Because the market is now being driven by economics and not subsidies – i.e. solar cells are now cheap enough to be an economic alternative to traditional energy, and supply is abundant – consumer adoption of solar is picking up.
In the first quarter of 2020, the U.S. solar market installed 3.6 GW of solar PV, the largest Q2 on record by about 40%. For all of 2020, solar PV installations are expected to surge by 33%.
In sum, then, Jinko has – over the past few quarters – turned into a leading and differentiated premium solar cell manufacturer, with strong margins and steady demand, in a booming solar cell market.
That’s a recipe for success.
Especially with Jinko stock trading at just 0.2X sales.
Could Jinko’s revenues rise to $10 billion within the next decade? Considering the International Renewable Energy Association forecasts global solar PV installed capacity to grow by 200% from ~93 GW per year in the late 2010s, to 300 GW per year by 2030, then absolutely – Jinko’s revenues could rise ~100% by 2030.

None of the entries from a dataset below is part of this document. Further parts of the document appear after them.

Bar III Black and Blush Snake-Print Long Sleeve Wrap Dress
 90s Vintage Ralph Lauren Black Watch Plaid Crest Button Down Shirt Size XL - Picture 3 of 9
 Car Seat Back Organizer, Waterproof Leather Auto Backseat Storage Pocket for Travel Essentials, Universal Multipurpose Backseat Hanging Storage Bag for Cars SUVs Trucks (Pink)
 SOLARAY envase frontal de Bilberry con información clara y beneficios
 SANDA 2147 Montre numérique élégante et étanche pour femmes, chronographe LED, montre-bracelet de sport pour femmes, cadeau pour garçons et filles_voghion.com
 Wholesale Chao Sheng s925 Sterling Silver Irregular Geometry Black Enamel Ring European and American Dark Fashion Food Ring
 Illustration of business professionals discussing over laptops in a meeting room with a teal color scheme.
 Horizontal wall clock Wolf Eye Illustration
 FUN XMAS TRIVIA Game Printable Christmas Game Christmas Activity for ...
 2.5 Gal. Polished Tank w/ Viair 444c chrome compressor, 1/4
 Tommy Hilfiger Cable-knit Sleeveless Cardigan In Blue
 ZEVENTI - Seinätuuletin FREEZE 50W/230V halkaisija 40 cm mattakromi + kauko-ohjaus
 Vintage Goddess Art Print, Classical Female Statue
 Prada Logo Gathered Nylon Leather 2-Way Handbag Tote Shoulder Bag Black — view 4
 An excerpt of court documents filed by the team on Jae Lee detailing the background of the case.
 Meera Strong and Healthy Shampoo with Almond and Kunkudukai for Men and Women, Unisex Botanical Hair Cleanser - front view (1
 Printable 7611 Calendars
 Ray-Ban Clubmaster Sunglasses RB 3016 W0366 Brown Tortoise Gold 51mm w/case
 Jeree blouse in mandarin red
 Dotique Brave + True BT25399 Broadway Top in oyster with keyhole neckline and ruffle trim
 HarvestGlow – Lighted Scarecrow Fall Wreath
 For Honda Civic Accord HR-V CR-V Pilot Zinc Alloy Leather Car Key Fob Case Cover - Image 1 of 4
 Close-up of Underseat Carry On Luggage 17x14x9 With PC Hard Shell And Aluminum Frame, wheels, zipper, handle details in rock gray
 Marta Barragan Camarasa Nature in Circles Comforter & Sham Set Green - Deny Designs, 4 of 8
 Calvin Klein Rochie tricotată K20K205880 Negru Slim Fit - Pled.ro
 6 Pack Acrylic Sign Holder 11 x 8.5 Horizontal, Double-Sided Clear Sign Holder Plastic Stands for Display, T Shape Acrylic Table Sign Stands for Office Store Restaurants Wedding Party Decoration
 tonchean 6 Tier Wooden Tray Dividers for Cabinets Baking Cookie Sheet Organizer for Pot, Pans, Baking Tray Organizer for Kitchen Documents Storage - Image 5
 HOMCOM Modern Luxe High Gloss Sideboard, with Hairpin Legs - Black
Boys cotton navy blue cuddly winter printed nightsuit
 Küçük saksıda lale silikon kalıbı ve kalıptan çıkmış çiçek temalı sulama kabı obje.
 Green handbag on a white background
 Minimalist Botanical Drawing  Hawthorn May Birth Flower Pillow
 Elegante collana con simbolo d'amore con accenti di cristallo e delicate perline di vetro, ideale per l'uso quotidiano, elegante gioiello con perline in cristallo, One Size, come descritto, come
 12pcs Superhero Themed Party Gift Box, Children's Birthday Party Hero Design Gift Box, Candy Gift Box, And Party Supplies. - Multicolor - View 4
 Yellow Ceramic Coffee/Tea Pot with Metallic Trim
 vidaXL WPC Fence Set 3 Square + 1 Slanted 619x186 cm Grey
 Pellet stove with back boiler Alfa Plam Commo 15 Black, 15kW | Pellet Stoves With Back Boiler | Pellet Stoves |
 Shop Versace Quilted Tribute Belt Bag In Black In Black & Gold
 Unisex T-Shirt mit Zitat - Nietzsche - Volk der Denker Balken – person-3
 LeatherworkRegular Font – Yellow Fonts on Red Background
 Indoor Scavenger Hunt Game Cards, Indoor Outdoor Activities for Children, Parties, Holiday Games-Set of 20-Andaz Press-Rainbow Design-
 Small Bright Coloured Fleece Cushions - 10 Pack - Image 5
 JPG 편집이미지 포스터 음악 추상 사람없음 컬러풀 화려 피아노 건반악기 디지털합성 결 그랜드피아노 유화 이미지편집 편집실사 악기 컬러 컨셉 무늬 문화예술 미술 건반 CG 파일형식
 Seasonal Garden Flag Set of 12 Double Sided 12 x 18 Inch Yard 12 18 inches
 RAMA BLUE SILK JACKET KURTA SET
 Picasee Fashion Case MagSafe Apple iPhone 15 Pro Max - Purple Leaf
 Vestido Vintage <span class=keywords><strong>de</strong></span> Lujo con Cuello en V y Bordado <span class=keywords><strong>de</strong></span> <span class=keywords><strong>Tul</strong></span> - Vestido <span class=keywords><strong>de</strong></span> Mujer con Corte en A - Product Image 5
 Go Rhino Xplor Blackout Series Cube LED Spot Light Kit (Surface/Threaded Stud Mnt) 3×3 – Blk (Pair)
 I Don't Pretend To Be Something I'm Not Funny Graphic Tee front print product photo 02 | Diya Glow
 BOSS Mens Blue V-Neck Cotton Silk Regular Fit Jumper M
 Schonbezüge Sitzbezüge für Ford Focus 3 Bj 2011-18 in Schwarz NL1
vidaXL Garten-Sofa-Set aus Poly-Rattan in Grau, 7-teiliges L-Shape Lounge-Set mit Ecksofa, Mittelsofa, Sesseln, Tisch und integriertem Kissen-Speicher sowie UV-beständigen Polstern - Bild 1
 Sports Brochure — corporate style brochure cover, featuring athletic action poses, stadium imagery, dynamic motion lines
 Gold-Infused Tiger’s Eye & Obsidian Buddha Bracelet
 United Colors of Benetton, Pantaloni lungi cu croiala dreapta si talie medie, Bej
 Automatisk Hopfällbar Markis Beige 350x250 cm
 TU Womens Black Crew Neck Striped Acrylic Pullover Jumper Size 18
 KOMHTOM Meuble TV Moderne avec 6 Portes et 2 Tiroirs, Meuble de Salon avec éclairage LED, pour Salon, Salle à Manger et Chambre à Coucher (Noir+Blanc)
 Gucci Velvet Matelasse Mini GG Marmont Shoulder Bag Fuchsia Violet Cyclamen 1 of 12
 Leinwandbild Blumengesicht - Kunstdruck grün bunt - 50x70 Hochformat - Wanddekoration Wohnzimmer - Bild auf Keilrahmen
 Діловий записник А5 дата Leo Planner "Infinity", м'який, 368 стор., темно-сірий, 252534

Could Jinko stock start to trade at a more reasonable 1X sales multiple? Also, yes, because the company is transforming into a financially more stable business with better margins and cash flows.
The math there implies that this is a $10+ BILLION company in the making.
Which, of course, means that Jinko stock has 10X upside potential in the long run – making it a stock that you should consider to play the solar energy breakout of the 2020s.
On the date of publication, Luke Lango did not have (either directly or indirectly) any positions in the securities mentioned in this article.